[Short descriptive text snippets]

▼

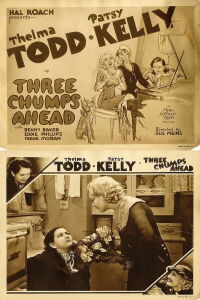 Three Chumps Ahead (1934)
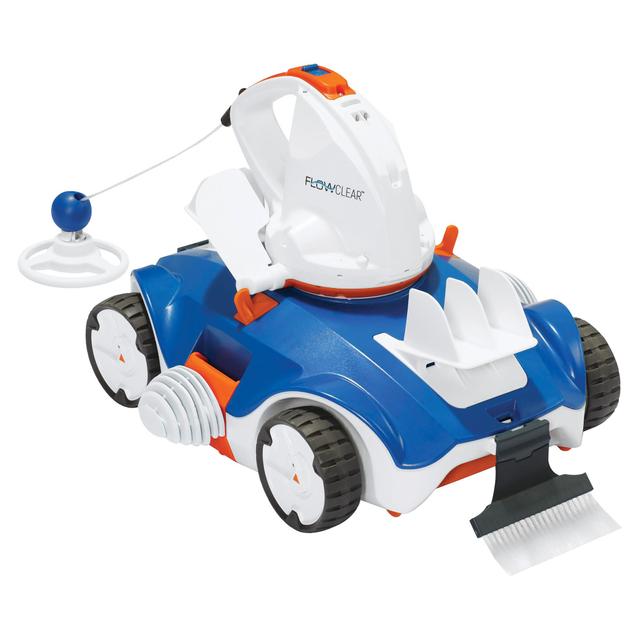 ROBOT PULIZIA PISCINE AQUATRONIX FLOWCLEAR BATTERIA LITIO SOLO FONDO | Tecnomat ROBOT PULIZIA PISCINE AQUATRONIX FLOWCLEAR BATTERIA LITIO SOLO FONDO | Tecnomat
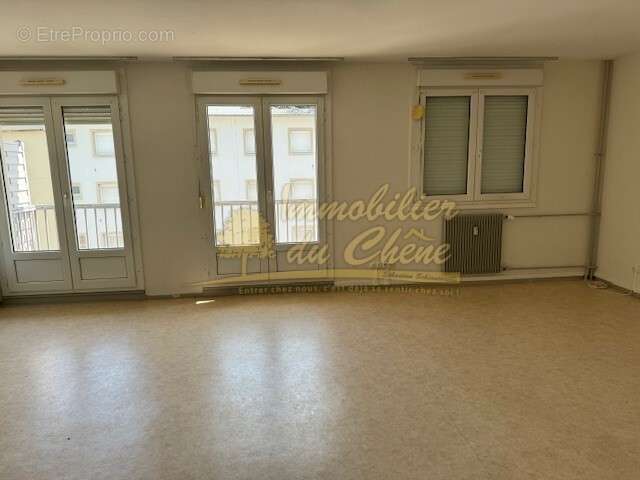 Appartement à LUXEUIL-LES-BAINS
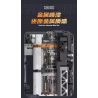 KOZOSHA D2201 2201 NGÀNH CÔNG NGHIỆP CỐT LÕI TRẠM PHÓNG TÊN LỬA bộ đồ chơi xếp lắp ráp ghép mô hình City Thành Phố 2166 khối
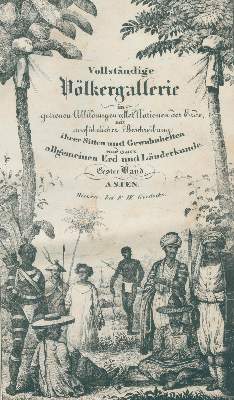 Bild Nr.1: 138-1211 Vollständige Völkergallerie: (Mode und Trachten)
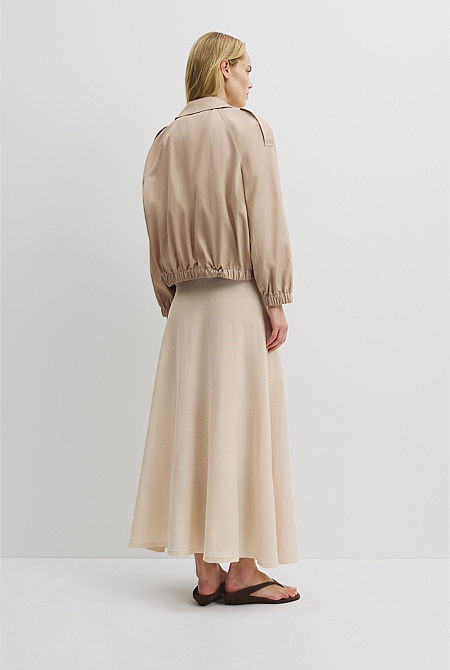 Soft Sculpted Trench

▲

Starting with the line that contains "Appartement à LUXEUIL-LES-BAINS", repeat each line exactly through the last line of the data above, and nothing more; the pictures stay out.

**YOUR RESPONSE:**
 Appartement à LUXEUIL-LES-BAINS
 KOZOSHA D2201 2201 NGÀNH CÔNG NGHIỆP CỐT LÕI TRẠM PHÓNG TÊN LỬA bộ đồ chơi xếp lắp ráp ghép mô hình City Thành Phố 2166 khối
 Bild Nr.1: 138-1211 Vollständige Völkergallerie: (Mode und Trachten)
 Soft Sculpted Trench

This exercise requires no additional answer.